Deposit mobilisation has been a challenge for the industry. Has it improved?

That challenge still remains, and I believe it will continue. In IOB’s case, we may not be growing at 11–13%, but there is some growth. Based on unaudited numbers for the first quarter, I can say the growth has been good. We have surpassed most of our budgeted targets by a substantial margin. The deposit growth may stay in single digit. Last year, deposits grew by almost 10%, and that too without relying on bulk deposits. It came mainly from core retail term deposits and CASA. Currently, 95% of our deposit portfolio is retail. We have aggressively been onboarding customers and this strategy is yielding results. Over the last two years, we onboarded around 6.5 million customers and mobilised ₹21,000 crore in CASA deposits, which continues to remain with us. One of the challenges is that besides bank deposit, people now have other investment avenues.

What is your lending strategy for this year?

Retail, agriculture, MSME (RAM) and corporate together account for about 95% of our credit portfolio. Our retail book has been growing at around 17–18% year-on-year, and that will continue — there’s never really a slowdown in this segment. With the recent repo rate cut, loans have become cheaper. To further encourage borrowing, we have waived processing fees as well. In agriculture, beyond jewel loans, we have designed multiple products that cater to core agri activities. One initiative is providing loans to farmer producer organisations to promote organic farming. We have recently tied up with Amul and Richplus, Amul’s organic farming partner, to onboard 100,000 farmers for organic farming.

When it comes to large corporates, we are focusing on the 14 sectors covered under the PLI scheme. That’s our top priority. Our next focus area is infrastructure and logistics projects, including those under the Centre’s Gati Shakti programme. Many of our existing corporate clients are expanding and we are supporting their capex needs. IOB’s credit portfolio is equally distributed across the retail, agri, MSME and corporate segments, leaving no scope for any concentration risk.

How do you plan to offset the rate cut impact on margins?

Our entire retail and MSME portfolio is linked to the repo rate. In the last four months, the repo rate has been cut by nearly 1%, and the benefit has been passed on immediately to borrowers. This will have a significant impact on interest income since repo-linked loans make up for about 50% of our portfolio. We are trying to offset this by reducing deposit rates.

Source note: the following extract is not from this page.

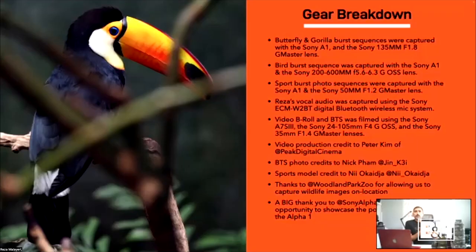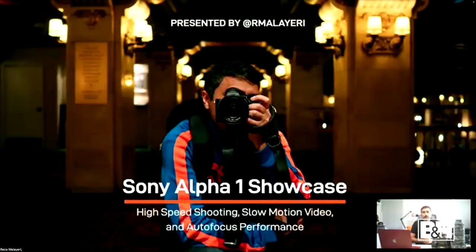A few people I need to thank who helped with the production: Peter Kim of Peak Digital Cinema, Nick Fam, and our model Neil Kajak. Thanks to Woodland Park Zoo for allowing us to shoot there, and obviously a big thank you to B&H Event Space for hosting and to Sony Alpha for giving me the opportunity to share this knowledge. I'll try to make this PDF available for anyone who wants it. You can find me on all social channels at R. Malieri or on my website at rmalieri.com.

Secondly, we are increasing the share of marginal cost of funds-based lending rate (MCLR)-linked loans. We are gradually moving corporate and agriculture loans, which form 50% of our credit portfolio, to MCLR. Of course, MCLR loans will also have rate reduction, but it happens with a lag. For new sanctions and renewals, we hold detailed discussions with borrowers and shift them to MCLR, once there’s a consensus. So, margins will remain under stress, but I am confident we will be able to maintain them around 3%.